THIS article about the new World Trade Center is already out of date.
The pace of construction is so swift that any status report these days gets overtaken rapidly by the arrival of new beams and columns, rebar and concrete, pipes and conduit. About 2,000 construction workers are on the job, weekends included, officials said, and that number will just keep rising. Visiting the site brings to mind the tumultuous first impressions of arrival in New York City: people, vehicles and objects are headed toward you from every direction at startling velocity, and the only prudent thing to do is to keep moving.
Two years ago, it was difficult to imagine how the Port Authority of New York and New Jersey, which owns the site of the trade center and is building most of it, could ever finish the eight-acre memorial in time for the 10th anniversary of the attack, on Sept. 11, 2011. Today, it is difficult to imagine what would stop them (though, given the site’s tortured history, the possibility shouldn’t be completely dismissed).

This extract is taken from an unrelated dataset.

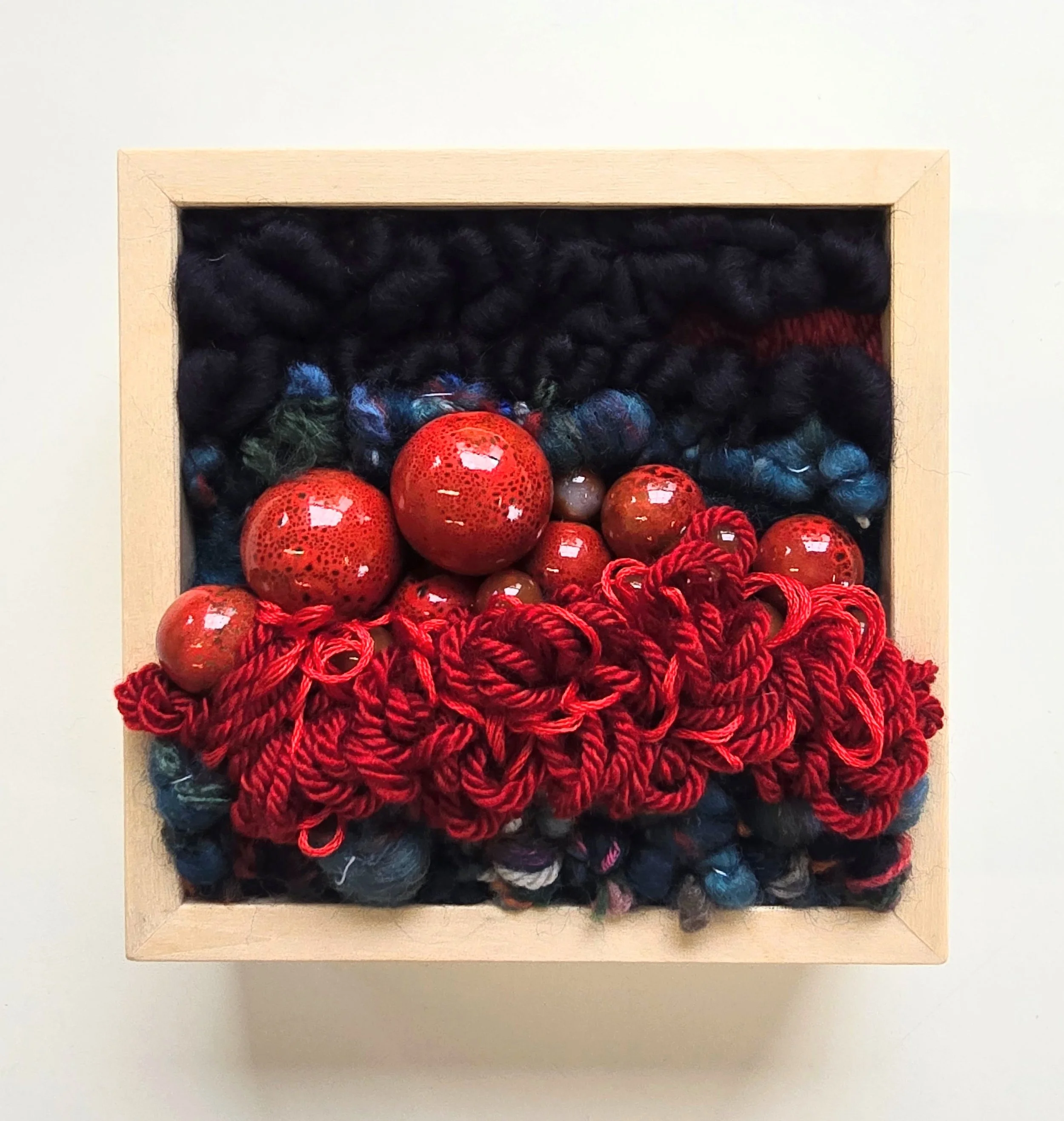 Smooth Operator | Hooked wool and mixed yarns, handspun art yarn, & ceramic beading in a solid birch frame with natural finish | 5” x 5” x 2” | $125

The power of background imagery to shape a national narrative was evident both in George W. Bush's original visit to Ground Zero in September 2001, and Ronald Reagan's visit to the South Bronx during the 1980 campaign:
What Obama can do is the antithesis of the above. Most Americans don't even know that Ground Zero is being rebuilt. The Ground Zero rebuilding is the perfect background for the message Obama needs to expound for the next two months to limit Democratic losses to something merely severe, not Presidency-ending.
If Obama is smart, he will travel to Ground Zero on September 11, and make sure that Americans find out what is happening there, but more importantly, use it as a jumping off point for the Democratic message of the next 8 weeks or so: That America is recovering, even if the data don't fully support it yet, and that sacrifice and hardship today will be paid off with reward tomorrow, even if it doesn't feel like it yet. It is true, and no one else is going to make this argument for the Democrats, including some of their own base on the left who mistakenly think that beating down the status quo will lead to bolder reforms. This argument must be made forcefully. They can't worry too much about seeming too optimistic and out of touch. A little positivity is just what people might respond to at this time. Americans like leaders who are optimistic, who give them reason to hope, just as Obama did in 2008. I think the news has been negative for so long that some optimism would be well received.